3. Dynamic Docking to Elucidate the Interactions of TopoII and a New Class of TopoII Inhibitors. Based on the previously reported hybrid TopoII inhibitors that merge key pharmacophoric elements of ETO and merbarone, the molecular entity was expanded by synthesizing sixteen additional hybrid derivatives. Dynamic docking studies were performed to identify the vital interactions stabilizing the hybrid TopoII inhibitors. Most of these new compounds exhibited good inhibitory activity and cytotoxicity in three cancer cell lines with an IC50 in the low μM range. Hence, understanding the key molecular features needed for the drug-like properties in this novel chemical series of TopoII targeting compounds will aid in developing the new structural motif as a potential TopoII poison.
Dissemination
Publications
1. Oviatt, A. A.; Jissy, A. K. et al, N. Biorg. Med. Chem. Lett. 2018.

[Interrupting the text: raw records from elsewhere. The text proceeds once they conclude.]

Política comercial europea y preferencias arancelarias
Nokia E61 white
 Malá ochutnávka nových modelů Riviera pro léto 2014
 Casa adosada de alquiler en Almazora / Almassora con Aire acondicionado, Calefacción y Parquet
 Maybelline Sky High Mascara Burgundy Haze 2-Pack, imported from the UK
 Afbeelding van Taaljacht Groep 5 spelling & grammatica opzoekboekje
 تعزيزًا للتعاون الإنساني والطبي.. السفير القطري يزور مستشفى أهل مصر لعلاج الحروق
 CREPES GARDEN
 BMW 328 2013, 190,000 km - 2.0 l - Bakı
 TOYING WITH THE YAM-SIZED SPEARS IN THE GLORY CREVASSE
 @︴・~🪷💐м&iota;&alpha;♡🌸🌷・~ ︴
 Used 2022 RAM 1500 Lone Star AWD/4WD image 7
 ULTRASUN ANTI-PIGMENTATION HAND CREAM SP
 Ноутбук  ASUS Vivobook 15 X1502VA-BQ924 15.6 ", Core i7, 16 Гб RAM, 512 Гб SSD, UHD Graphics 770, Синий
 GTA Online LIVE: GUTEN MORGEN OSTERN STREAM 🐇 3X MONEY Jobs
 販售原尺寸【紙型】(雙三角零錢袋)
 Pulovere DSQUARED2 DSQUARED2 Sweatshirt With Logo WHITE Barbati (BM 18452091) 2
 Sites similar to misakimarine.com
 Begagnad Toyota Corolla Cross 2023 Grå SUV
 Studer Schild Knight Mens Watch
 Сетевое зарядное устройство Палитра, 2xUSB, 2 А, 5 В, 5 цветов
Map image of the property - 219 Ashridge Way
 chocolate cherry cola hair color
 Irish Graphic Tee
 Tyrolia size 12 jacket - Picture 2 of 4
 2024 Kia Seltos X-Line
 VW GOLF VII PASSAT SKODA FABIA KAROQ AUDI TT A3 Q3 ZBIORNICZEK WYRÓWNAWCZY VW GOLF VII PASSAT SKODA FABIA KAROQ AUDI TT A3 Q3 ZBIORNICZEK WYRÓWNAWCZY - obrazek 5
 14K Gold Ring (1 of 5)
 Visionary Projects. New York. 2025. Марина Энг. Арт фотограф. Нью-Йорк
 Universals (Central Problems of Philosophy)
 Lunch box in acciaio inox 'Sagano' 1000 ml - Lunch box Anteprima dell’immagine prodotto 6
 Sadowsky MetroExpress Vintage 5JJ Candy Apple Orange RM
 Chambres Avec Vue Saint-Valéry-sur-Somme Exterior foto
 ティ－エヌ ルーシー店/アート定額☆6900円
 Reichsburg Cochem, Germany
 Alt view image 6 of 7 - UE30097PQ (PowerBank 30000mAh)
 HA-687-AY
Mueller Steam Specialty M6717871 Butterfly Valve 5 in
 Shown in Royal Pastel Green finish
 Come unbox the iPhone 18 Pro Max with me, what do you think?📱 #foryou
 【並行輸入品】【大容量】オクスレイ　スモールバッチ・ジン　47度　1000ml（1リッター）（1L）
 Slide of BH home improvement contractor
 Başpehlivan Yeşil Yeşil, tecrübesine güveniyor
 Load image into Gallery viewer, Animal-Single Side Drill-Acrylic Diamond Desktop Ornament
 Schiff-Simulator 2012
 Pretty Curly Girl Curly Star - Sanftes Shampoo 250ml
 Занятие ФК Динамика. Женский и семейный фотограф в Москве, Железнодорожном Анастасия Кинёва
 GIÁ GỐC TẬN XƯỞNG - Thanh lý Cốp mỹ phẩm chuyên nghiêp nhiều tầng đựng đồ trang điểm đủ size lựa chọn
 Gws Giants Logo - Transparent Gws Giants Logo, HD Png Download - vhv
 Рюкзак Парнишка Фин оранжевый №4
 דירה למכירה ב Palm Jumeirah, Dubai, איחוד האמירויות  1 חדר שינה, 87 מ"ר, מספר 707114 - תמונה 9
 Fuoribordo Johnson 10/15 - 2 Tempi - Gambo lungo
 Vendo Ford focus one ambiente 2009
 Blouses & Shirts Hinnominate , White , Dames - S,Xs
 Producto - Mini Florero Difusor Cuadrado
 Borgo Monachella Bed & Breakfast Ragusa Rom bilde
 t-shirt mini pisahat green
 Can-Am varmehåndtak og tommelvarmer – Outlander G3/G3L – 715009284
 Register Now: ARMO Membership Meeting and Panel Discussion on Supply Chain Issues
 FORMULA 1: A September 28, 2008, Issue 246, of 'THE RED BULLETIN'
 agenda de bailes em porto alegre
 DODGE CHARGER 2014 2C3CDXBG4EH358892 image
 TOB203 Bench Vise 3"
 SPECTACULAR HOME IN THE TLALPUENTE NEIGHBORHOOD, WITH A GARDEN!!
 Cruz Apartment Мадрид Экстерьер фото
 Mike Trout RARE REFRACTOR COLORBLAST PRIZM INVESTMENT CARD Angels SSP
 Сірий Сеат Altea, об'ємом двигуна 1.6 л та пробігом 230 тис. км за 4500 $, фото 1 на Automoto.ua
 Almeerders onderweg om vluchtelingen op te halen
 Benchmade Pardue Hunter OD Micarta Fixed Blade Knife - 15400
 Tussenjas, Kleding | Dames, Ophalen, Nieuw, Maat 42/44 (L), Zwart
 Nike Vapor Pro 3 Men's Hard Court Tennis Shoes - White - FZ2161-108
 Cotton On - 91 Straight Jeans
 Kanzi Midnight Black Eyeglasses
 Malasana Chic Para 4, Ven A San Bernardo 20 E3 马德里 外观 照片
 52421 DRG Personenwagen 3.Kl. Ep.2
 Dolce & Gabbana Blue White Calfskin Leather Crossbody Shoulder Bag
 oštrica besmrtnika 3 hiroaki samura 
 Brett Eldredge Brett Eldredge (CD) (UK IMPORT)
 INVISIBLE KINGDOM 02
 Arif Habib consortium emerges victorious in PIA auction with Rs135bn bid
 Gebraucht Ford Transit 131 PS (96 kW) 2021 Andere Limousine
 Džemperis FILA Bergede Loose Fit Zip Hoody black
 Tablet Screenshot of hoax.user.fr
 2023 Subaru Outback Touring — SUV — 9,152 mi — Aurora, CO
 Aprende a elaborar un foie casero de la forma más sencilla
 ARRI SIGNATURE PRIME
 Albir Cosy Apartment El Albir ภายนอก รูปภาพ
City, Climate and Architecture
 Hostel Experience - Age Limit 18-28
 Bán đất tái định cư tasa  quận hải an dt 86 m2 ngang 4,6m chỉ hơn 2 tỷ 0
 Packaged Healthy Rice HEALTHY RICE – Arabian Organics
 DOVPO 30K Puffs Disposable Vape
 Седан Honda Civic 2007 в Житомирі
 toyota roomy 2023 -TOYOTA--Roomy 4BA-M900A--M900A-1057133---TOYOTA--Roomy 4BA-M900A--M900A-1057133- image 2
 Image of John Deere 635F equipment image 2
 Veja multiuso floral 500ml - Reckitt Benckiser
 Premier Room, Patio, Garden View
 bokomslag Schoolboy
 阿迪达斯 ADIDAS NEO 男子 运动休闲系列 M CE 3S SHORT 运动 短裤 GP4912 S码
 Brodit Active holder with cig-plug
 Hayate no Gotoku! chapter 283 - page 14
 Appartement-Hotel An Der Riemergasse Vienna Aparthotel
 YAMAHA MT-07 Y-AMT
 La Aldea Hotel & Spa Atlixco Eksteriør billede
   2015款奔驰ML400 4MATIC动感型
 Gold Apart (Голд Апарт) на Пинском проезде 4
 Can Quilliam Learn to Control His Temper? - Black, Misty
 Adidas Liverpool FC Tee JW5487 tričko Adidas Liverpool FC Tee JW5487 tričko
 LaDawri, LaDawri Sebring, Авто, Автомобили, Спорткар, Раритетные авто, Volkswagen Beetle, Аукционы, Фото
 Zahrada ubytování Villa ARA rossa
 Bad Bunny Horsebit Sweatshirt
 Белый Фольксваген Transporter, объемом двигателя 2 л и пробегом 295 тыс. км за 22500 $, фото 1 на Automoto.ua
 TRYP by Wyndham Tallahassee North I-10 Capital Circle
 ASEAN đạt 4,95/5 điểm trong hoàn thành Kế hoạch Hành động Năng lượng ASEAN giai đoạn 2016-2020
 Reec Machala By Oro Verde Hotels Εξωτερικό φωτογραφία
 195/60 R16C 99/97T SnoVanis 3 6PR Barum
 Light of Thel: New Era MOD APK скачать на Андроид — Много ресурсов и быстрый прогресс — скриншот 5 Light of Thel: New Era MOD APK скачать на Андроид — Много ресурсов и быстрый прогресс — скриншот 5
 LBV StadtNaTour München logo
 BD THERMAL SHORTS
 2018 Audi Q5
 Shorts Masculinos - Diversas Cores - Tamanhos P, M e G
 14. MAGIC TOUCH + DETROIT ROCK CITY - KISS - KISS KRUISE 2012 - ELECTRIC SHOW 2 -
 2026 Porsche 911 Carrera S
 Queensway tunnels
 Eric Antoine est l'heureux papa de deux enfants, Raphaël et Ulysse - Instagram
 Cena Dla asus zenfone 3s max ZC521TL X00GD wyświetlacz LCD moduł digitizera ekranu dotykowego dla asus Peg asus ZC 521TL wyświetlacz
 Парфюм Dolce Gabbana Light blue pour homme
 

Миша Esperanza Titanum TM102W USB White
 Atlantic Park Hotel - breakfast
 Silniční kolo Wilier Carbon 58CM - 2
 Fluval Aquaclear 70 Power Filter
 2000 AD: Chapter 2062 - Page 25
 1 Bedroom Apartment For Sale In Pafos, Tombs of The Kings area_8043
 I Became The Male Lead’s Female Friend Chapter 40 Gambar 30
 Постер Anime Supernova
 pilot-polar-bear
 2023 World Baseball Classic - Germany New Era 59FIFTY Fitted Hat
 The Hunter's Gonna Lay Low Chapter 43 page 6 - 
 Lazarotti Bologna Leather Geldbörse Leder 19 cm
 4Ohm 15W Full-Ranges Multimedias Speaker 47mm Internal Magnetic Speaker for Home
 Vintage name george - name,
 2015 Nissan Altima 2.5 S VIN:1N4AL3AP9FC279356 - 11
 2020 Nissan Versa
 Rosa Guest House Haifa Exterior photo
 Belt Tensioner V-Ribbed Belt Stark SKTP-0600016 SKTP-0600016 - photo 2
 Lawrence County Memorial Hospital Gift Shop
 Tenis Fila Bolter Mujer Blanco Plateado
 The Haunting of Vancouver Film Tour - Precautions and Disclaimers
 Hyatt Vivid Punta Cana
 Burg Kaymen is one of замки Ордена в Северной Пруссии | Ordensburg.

2. Jissy, A. K. et al. J. Chem. Inf. Model 2019 Just Accepted.
3. Arencibia, J. M.; Brindani, N.; Jissy A. K. et al. J. Med. Chem., 2019, Submitted.
Scientific Talks
2019
Aug: Recipient of Promise in COMP Award: ACS Fall Meeting, San Diego, CA.
July: GRS CADD, Mount Snow, USA.
June: MSCA IF event on Antimicrobial Resistance, Barcelona, Spain.
May: 12th European Workshop in Drug Design, Siena, Italy.
Mar: 6th CDDD Meeting, Rome, Italy.
Poster Presentations
2019
July: GRC on Computer Aided Drug Design, USA.
March: 6th CDDD Meeting, Rome, Italy.
2018
September: 22nd EuroQSAR, Thessaloniki, Greece.
July: GRC, Computational Chemistry, VT, USA.; GRS & GRC, Topoisomerases, Mt. Holyoke, MA, USA.; CECAM Workshop on modeling metal ions, 2018, Paris, France.
June: BioExcel Summer School, Sardinia, Italy.
TopoII is a central and validated target for anticancer research. Recent groundbreaking structures of TopoII – reported by Wang, et al (NAR, 2017, 45, 10861.) of TopoIIα, and Schmidt et al.(Nature 2010, 465, 641.) and Wu et al. (Science 2011, 333, 459) of TopoIIβ, respectively – were employed as novel starting points to initiate molecular simulations on TopoII enzymatic function and guide new informative SBDD efforts, based on TopoII in complex with DNA and the anticancer drug ETO. The targeting of TopoIIβ isoform has been correlated with the undesirable side effects such as secondary leukemia. Irrespective of having this knowledge, advancement in the field of developing alpha specific drugs has been slow. We employed the first reported crystal structure of TopoIIα and previously reported TopoIIβ structures bound to ETO to understand the key differences between the interactions of the drug molecule with the two isoforms. Also, a new enhanced sampling method, smoothed potential MD, was used to differentiate between the disassociation kinetics of the drug from the two TopoII isoform complexes. The knowledge gained provided a novel rationale for the design of TopoIIα poisons.